◆ Aim of the task ◆
Every line of the records that holds the word "Saint" should be copied.
=== Dataset extract ===
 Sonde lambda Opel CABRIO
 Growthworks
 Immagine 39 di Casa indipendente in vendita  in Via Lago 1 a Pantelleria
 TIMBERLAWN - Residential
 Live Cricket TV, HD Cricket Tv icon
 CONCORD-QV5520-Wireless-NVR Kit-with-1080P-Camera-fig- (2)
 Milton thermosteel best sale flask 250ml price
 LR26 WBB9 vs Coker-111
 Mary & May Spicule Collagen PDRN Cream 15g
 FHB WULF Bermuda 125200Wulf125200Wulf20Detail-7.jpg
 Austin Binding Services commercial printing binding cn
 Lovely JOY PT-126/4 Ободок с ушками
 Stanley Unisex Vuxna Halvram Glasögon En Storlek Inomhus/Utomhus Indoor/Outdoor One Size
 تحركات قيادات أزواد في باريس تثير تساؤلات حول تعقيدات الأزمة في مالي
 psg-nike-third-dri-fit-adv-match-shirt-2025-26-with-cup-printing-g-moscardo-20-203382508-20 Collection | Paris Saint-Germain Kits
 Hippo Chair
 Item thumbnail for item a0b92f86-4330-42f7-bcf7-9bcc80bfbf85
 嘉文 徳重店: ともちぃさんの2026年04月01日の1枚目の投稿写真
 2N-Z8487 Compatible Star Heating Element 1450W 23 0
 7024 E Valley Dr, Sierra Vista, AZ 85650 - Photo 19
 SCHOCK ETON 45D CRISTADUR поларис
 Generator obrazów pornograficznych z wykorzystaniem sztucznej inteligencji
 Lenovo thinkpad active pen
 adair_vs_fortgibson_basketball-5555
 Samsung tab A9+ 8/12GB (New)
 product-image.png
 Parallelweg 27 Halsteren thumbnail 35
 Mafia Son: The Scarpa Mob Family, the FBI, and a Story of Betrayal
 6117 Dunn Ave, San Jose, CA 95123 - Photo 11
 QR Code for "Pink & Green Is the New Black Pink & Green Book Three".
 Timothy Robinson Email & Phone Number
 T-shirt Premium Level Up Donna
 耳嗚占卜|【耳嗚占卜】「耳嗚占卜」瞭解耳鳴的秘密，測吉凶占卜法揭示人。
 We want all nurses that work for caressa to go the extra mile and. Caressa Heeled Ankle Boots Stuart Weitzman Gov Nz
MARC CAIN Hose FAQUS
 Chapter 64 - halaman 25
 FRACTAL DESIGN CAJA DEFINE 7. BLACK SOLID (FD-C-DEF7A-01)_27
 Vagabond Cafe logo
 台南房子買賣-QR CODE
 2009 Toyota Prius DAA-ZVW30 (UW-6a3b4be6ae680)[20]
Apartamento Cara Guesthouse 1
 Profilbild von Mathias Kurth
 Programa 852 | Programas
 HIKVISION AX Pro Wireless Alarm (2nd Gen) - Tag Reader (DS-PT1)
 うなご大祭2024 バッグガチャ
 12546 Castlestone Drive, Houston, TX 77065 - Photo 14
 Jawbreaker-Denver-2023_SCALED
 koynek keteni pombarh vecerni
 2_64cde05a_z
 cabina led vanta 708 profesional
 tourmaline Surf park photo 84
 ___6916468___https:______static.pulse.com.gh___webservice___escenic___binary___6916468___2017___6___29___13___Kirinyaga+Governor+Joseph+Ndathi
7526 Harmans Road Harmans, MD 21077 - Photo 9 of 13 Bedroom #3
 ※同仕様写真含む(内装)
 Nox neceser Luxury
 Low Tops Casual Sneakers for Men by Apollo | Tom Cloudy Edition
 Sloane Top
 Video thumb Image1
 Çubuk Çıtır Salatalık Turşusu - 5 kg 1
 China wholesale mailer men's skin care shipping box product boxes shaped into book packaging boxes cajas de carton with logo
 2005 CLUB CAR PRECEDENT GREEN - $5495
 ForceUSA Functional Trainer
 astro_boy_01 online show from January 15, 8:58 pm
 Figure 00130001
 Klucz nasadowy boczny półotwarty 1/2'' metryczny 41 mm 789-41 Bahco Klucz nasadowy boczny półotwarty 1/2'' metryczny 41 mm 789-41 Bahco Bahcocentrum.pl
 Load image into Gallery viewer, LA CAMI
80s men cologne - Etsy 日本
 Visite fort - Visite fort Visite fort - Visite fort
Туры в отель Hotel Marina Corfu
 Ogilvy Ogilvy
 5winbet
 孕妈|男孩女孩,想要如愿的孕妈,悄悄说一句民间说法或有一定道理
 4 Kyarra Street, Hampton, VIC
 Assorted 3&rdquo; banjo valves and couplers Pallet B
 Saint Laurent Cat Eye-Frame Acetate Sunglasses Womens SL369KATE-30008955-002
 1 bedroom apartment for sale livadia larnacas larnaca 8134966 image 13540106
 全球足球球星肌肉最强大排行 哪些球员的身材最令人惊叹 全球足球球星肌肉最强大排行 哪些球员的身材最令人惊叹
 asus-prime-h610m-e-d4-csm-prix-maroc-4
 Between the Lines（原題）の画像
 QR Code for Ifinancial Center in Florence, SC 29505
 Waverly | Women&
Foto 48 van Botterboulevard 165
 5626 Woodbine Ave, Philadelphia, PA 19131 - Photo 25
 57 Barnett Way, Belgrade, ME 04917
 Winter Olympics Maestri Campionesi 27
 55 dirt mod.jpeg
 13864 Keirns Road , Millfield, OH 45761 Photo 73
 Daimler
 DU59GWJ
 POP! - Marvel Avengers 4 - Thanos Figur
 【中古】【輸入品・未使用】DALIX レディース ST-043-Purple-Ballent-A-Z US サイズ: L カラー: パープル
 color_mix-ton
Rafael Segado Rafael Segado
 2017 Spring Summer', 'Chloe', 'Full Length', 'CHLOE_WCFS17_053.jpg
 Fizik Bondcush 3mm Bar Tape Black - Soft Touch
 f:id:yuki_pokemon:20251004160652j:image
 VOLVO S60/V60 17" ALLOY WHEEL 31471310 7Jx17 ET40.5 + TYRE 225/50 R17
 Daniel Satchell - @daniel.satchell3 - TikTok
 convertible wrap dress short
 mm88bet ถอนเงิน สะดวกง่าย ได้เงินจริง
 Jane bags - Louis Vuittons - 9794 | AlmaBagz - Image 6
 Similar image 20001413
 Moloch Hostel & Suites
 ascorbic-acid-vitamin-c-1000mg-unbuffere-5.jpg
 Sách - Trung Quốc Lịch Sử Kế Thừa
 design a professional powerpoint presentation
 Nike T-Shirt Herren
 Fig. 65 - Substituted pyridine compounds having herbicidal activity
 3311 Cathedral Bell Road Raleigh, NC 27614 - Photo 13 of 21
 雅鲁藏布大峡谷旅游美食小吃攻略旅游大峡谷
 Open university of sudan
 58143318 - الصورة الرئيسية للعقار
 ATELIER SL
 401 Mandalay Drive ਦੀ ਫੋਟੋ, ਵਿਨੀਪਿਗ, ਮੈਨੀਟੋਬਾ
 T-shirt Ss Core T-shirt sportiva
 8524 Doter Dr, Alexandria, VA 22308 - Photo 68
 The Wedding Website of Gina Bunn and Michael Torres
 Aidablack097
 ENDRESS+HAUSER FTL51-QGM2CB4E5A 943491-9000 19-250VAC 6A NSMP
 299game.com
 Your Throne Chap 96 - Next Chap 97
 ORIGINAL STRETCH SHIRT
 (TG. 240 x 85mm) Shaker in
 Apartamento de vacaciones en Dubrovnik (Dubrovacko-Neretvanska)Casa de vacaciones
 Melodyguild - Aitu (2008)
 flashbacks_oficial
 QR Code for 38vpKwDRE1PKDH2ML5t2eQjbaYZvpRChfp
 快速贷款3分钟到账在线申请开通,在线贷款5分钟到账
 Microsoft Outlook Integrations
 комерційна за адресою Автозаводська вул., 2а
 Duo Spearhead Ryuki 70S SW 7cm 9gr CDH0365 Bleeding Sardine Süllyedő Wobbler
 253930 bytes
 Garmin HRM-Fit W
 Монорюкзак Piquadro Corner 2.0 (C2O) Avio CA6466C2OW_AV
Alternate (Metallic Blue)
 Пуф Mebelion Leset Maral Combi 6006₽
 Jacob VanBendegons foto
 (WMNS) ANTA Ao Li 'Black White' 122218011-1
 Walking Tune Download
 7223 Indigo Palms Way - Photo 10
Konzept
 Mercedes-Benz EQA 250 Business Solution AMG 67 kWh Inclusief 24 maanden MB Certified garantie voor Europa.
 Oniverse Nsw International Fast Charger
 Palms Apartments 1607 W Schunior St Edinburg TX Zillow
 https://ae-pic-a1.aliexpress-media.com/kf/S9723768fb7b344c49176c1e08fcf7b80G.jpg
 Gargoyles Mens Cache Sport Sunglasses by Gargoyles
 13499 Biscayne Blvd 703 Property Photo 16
===
◆ Exercise answer ◆
 psg-nike-third-dri-fit-adv-match-shirt-2025-26-with-cup-printing-g-moscardo-20-203382508-20 Collection | Paris Saint-Germain Kits
 Saint Laurent Cat Eye-Frame Acetate Sunglasses Womens SL369KATE-30008955-002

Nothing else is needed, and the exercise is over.